____ RECORDS FOR THIS EXERCISE

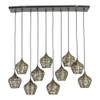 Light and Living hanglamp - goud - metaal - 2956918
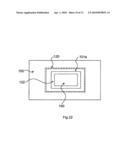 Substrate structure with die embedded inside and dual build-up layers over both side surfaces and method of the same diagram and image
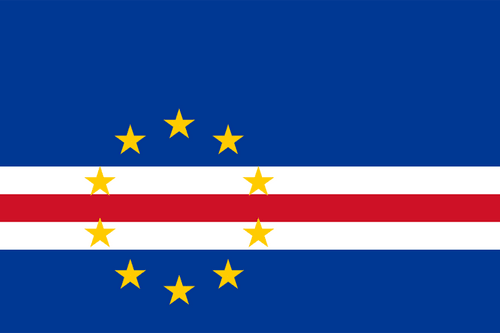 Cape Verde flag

________
____ RECORDS FOR THIS EXERCISE

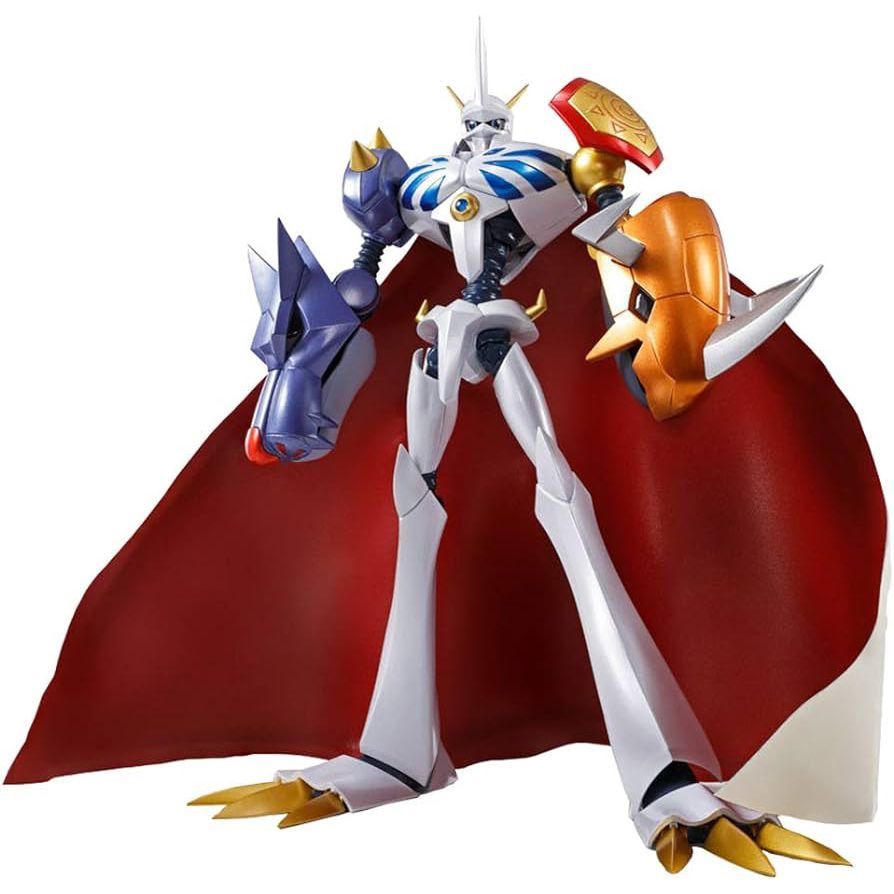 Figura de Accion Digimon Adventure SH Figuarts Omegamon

________

• _DIRECTIONS_
Restate the lines above from the one containing "Light and Living" through the one containing "Cape Verde flag", inclusive, exactly and without pictures.

• _REPLY_
 Light and Living hanglamp - goud - metaal - 2956918
 Substrate structure with die embedded inside and dual build-up layers over both side surfaces and method of the same diagram and image
 Cape Verde flag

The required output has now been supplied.